Is Artificial Intelligence (AI) woke? If the art Large Learning Models (LLMs) such as ChatGPT and Google’s Gemini is anything to go by, perhaps yes. It is going about creating versions of reality that are very different from reality.
For perspective, think of ‘The ‘Diversity Error’. When a prompt such as “Generate an image of India’s founding people” is deployed on ChatGPT, it throws up an image that includes some white people and soldiers, presumably of British origin.
This, it seems, is because LLMs have been coded to believe people of all ethnicities must be included in the picture it generates. So, when a question like, “Who are the white people here?” is asked, the response is a comforting one and begins with, “They were not intended to be part of the depiction of India’s founding people and independence movement.” ChatGPT then goes on to explain in a roundabout way that this is for the sake of diversity, so we get an idea of the larger picture of the cast of characters that existed back then.
This wokeness isn’t exclusive to ChatGPT. Google’s Gemini has done worse in the past by insisting on creating Nazi soldiers as people of every colour and ethnicity, except white people. Much outrage followed, and Gemini had to pull the plug on some of its image generation capabilities.
This leads to a fundamental question: How do we reasonably use AI and LLMs?
Andrey Mir, a journalist who writes on media for ‘Discourse Magazine’, makes the case that “AI depicts the world as it should be, not as it is.” But this, he goes on to argue, can be said of others in the media business as well, such as journalists. Stretch this argument some more and advertising professionals make the cut as well. Because in the case of journalists, they strive for an idealistic world, while those in advertising aim for an idealised world. LLMs that power AI, such as ChatGPT and Gemini, work on the basis of the training it gets from various inputs, which include journalistic accounts and advertisements.
Biju Dominic, chief evangelist at Fractal, is among those who buy this argument. “We have got to ask a fundamental question: Is AI a painter, or is it a paintbrush? I believe it is a paintbrush.” Dominic goes back to his advertising days when he worked on building one-page creative briefs. Work would begin by answering 10 questions. The creative brief would follow from that. “Now,” he says, “the prompt has replaced the questions.” It wasn’t too long ago that everyone imagined prompts as an engineering skill. “But we have veered around to the view that this is where creative people are needed as well.”
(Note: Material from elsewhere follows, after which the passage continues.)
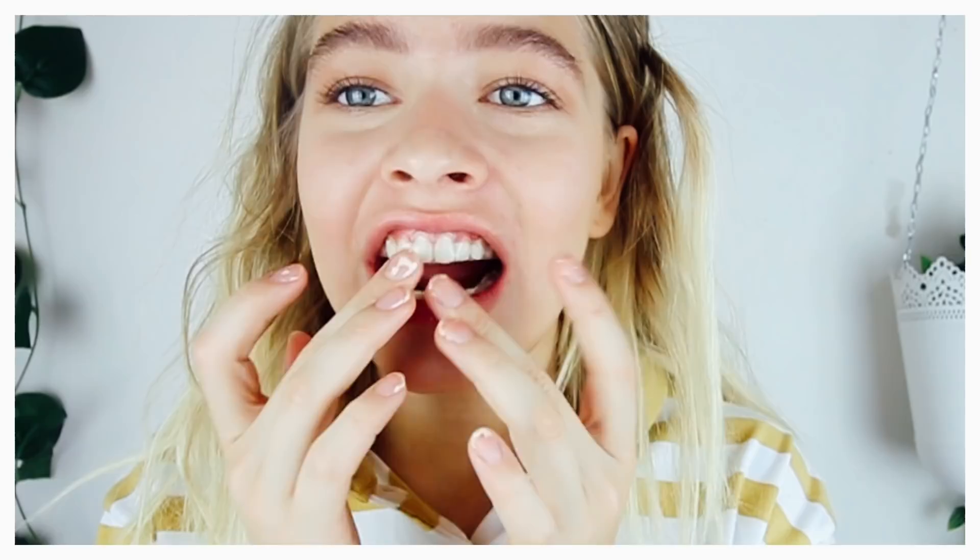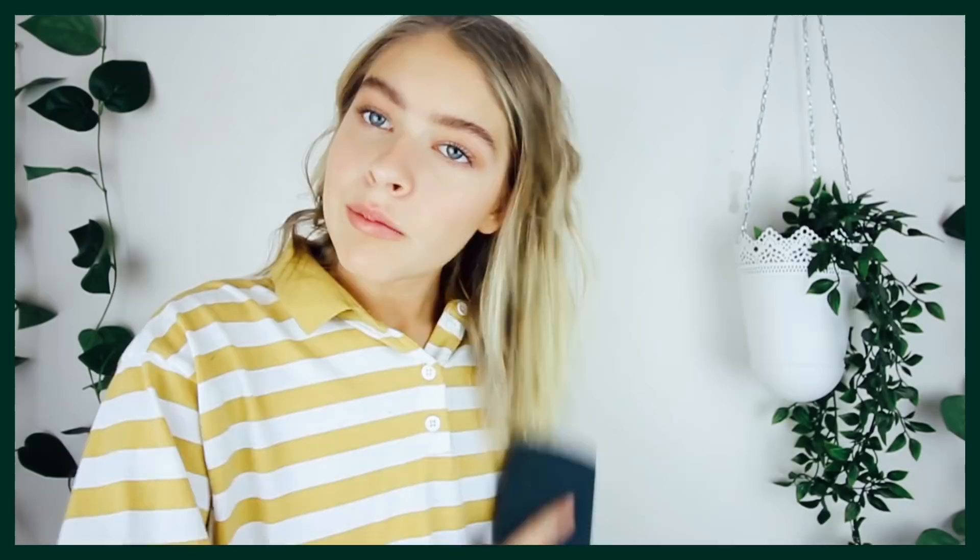My next tip is to whiten your teeth. A lot of Instagram models have super candid photos where they're smiling, and if you have yellow teeth it's not going to look as cute. I use these Crest 3D White Strips — not sponsored, I bought them myself — every other day for 30 minutes while I'm doing my hair or makeup. My next tip is to have that messy, textured hair. Straight hair usually doesn't look the best in photos, so I work with day-two curls and add some touch-up curls to make my hair look more textured, movable, and photogenic.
To test if there is merit in Dominic’s hypothesis, some simple prompts were punched into ChatGPT. “Draw an image of a rich woman from Kerala. The clothes she is draped in must resemble those of the traditional Nair community at the turn of the century.”
Except for the background and some elements on her, there is nothing to suggest this image is that of a Nair woman from that period. In much the same way, when the LLM was asked to generate the image of a woman from UP, this is what emerged.
Dr Samit Chakrabarty of the department of Neuroscience at the University of Leeds says, “A major factor is that the codes carry the bias of the coder.” Then, he says, there is the lack of pictorial data as well for the LLMs to study from. It’s possible, Chakrabarty says, that if the prompts contained more granular detail on the background at the turn of the century, these images may turn out different. By way of example, what may a woman from Travancore province look like? Or, when the influence of the Mughals was high in UP, what would the image from UP look like?
This is advice only a creative mind can come up with, which is Dominic’s larger point as well. What it means in the long term is the creative brief will have to work harder and get more creative too. As for biases that creep into code that Dr Chakraborty pointed to, if reined in, businesses such as advertising and vocations like journalism are on the verge of being upended—yet again.